Now, all over China thousands of young women are actively trying to turn themselves into mermaids.
The craze was started by Dada Li, who, in 2012 had her first experience of sea diving off Thailand’s Phi Phi Island. She says, “The world below the ocean surface looks completely different from land; I was amazed by the underwater scene, colourful fish and corals, and also the sensation of being in the water.”
Subsequently, Dada took a course in freediving. Freediving is simply diving without the assistance of tanks, using just fins, a snorkel and mask, and the power of your lungs. “Being a freediver,” she says, “I feel like I am an aquatic human, that I can travel wherever I want in the water,”
Dada became the first female freediving instructor in China but that still wasn’t enough. She had seen an old movie Splash, featuring a mermaid heroine who again falls in love with a human. So she began to look for ways to recreate the way a mermaid moves in and under the water.
The first problem was, of course, finding a tail.
There is a device used by freedivers called a monofin where both feet are placed inside a single fin but this was nothing like a traditional mermaid’s tail, so Dada decided to create her own tail, using lycra.

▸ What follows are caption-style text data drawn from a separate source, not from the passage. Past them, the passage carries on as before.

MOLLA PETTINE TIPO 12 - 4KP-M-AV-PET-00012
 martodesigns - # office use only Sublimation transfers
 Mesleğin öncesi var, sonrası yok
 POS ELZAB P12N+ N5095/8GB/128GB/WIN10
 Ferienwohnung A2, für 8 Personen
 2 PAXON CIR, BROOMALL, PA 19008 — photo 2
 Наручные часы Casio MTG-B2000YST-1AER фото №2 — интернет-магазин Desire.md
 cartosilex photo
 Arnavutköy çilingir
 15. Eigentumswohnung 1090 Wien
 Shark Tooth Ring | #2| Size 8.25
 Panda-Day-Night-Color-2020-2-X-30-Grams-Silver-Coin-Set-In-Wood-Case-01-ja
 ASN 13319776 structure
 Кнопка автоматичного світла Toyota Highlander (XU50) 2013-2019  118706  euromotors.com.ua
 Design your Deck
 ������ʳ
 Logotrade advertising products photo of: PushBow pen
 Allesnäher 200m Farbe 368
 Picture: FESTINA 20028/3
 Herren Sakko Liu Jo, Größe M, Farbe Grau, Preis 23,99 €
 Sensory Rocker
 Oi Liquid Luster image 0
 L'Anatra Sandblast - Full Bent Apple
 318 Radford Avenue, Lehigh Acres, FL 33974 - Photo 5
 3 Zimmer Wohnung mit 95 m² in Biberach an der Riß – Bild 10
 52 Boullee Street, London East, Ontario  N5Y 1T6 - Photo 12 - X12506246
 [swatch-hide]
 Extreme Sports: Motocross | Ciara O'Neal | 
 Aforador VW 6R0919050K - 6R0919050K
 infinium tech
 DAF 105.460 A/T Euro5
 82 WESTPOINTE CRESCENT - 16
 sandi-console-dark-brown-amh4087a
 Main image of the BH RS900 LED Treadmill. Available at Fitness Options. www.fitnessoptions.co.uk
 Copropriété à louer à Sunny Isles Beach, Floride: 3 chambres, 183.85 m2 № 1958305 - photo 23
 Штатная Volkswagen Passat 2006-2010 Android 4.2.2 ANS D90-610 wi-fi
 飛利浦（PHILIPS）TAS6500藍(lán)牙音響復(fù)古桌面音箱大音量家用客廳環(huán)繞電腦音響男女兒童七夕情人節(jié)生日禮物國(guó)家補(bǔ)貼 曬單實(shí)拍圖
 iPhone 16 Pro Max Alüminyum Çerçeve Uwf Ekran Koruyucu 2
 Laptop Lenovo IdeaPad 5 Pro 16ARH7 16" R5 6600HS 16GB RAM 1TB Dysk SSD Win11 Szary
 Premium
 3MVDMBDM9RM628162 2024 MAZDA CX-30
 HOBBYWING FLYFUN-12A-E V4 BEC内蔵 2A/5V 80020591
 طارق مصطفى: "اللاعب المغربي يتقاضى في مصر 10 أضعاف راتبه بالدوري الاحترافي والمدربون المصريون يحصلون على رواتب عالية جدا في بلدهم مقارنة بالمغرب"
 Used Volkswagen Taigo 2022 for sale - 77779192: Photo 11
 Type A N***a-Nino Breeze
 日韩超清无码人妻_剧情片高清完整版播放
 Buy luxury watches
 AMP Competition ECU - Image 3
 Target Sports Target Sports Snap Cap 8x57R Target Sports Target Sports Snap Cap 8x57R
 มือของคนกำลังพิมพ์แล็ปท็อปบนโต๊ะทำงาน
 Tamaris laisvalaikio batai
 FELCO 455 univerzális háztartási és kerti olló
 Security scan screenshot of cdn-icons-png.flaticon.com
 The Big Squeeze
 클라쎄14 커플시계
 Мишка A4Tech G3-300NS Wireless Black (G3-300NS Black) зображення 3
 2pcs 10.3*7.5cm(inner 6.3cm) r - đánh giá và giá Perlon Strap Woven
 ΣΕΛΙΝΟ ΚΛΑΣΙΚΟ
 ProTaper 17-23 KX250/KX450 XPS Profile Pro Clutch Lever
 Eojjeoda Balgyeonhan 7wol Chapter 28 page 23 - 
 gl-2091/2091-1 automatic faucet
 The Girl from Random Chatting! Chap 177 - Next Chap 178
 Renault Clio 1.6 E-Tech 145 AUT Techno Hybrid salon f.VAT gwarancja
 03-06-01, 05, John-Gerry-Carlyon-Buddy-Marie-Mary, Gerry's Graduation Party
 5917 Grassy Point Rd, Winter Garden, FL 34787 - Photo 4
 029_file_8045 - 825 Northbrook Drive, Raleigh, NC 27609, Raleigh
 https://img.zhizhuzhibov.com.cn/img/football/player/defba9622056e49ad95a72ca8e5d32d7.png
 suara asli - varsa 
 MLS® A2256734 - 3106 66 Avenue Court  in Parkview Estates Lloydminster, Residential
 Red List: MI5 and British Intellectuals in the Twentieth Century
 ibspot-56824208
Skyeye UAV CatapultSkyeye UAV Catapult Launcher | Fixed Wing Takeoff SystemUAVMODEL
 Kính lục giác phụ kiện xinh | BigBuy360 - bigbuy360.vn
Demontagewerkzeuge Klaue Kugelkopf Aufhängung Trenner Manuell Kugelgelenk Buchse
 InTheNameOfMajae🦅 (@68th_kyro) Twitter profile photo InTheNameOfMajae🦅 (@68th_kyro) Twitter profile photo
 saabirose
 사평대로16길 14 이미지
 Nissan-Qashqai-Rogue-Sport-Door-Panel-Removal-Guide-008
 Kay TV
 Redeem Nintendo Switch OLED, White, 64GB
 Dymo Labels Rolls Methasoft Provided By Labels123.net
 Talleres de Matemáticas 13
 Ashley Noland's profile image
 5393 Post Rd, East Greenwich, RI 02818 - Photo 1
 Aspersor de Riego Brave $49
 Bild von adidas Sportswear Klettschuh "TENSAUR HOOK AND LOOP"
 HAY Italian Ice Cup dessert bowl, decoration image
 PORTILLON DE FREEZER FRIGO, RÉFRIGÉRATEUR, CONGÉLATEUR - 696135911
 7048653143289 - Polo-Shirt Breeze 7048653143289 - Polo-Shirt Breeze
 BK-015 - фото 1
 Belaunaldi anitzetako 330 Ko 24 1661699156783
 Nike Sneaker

Then she began to study videos of mermaid performances from aquatic circuses and other similar events.
She became China’s first mermaid diving instructor and in 2015 formed her own mermaid diving team.
There are now mermaid schools around the world with more than 1,000 instructors in China alone. The world’s premier dive school, PADI, says interest is booming – they now offer four separate mermaid diving courses.
On 28 April this year, the Atlantis Sanya Resort and Hotel, a marine resort on China’s Hainan Island, hosted a special event to mark its third anniversary. Normally home to over 26,000 marine creatures they welcomed a new form of underwater life – a huge gathering of mermaids. The subsequent performance of 100 professional mermaids entered the Guinness Book of Records. You can watch part of the performance below.
An it isn’t only women who are flocking to this new sport. Quite a number of men have also signed up.
So what is the difference then between free diving and mermaid diving?
Says Dada Li, “Mermaid diving is the distillation of freediving to me. It brought to life my fantasy, my creativity and my longing towards this mysterious creature.”
Whether or not she has fallen in love with a merman she doesn’t say.